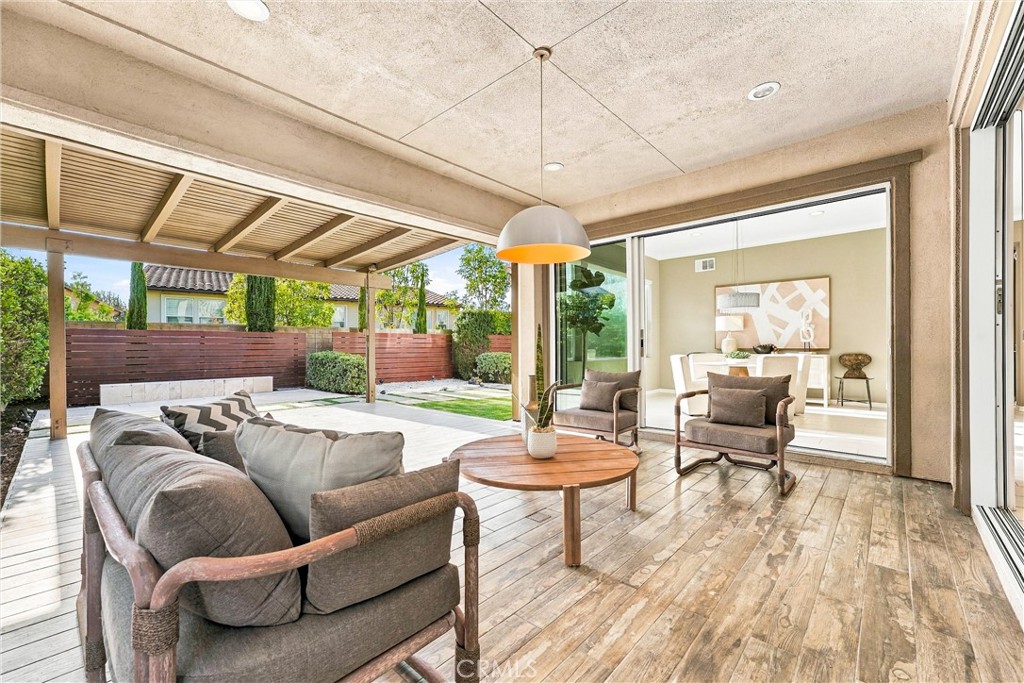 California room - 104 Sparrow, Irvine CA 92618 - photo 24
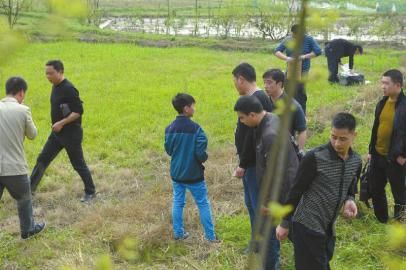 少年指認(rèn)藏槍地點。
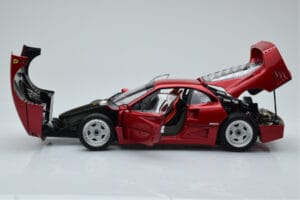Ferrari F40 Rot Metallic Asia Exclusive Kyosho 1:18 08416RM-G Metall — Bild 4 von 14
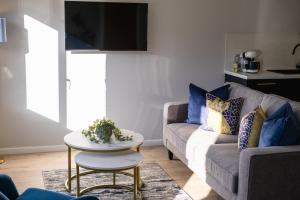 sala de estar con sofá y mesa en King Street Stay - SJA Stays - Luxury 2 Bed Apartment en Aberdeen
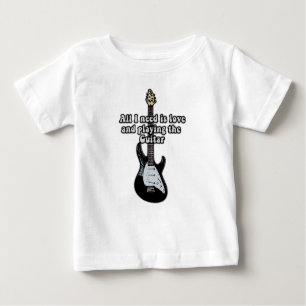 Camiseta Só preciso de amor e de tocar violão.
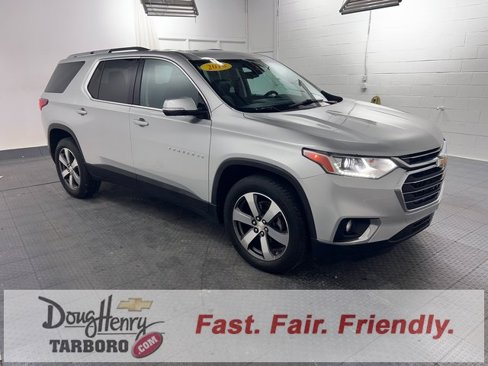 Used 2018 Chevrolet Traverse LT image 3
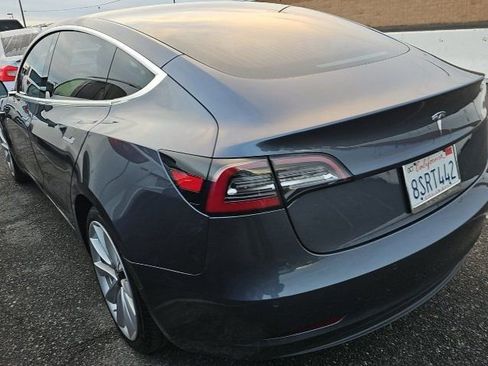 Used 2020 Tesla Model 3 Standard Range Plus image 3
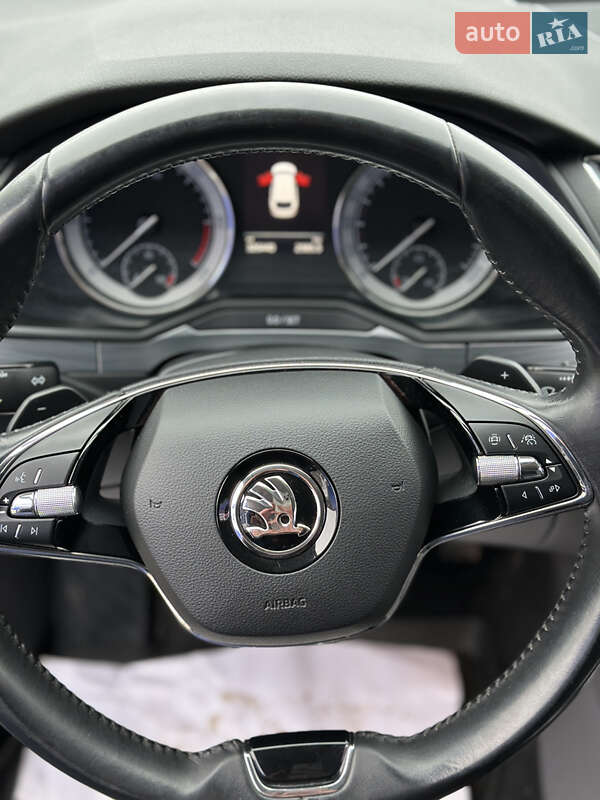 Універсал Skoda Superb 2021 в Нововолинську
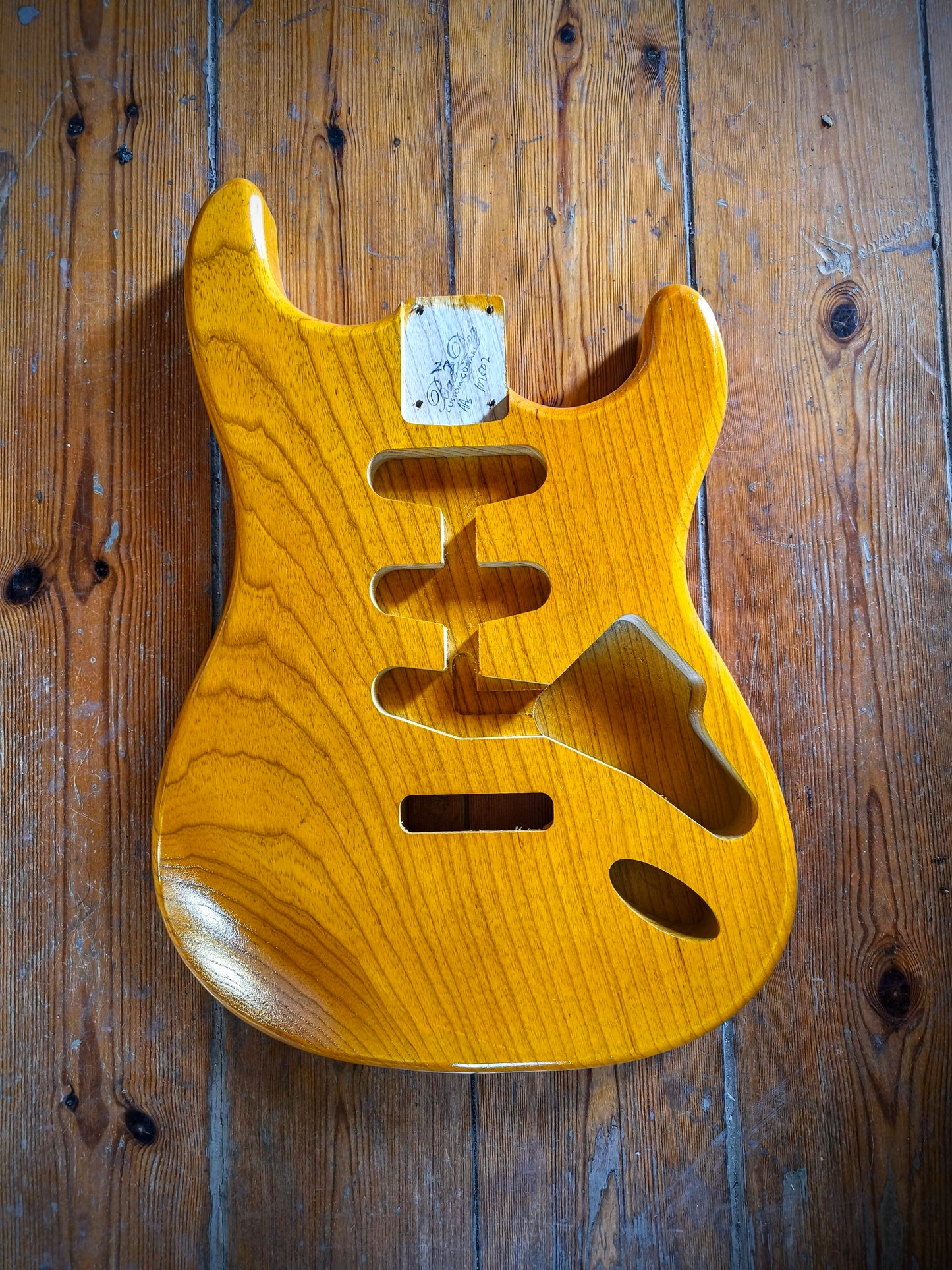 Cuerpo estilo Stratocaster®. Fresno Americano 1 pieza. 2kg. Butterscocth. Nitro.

-------

Work instructions ▸ Begin at the line containing "Used 2020 Tesla" and restate exactly every line through the end of the material, skipping the pictures.

Exercise result ▸
 Used 2020 Tesla Model 3 Standard Range Plus image 3
 Універсал Skoda Superb 2021 в Нововолинську
 Cuerpo estilo Stratocaster®. Fresno Americano 1 pieza. 2kg. Butterscocth. Nitro.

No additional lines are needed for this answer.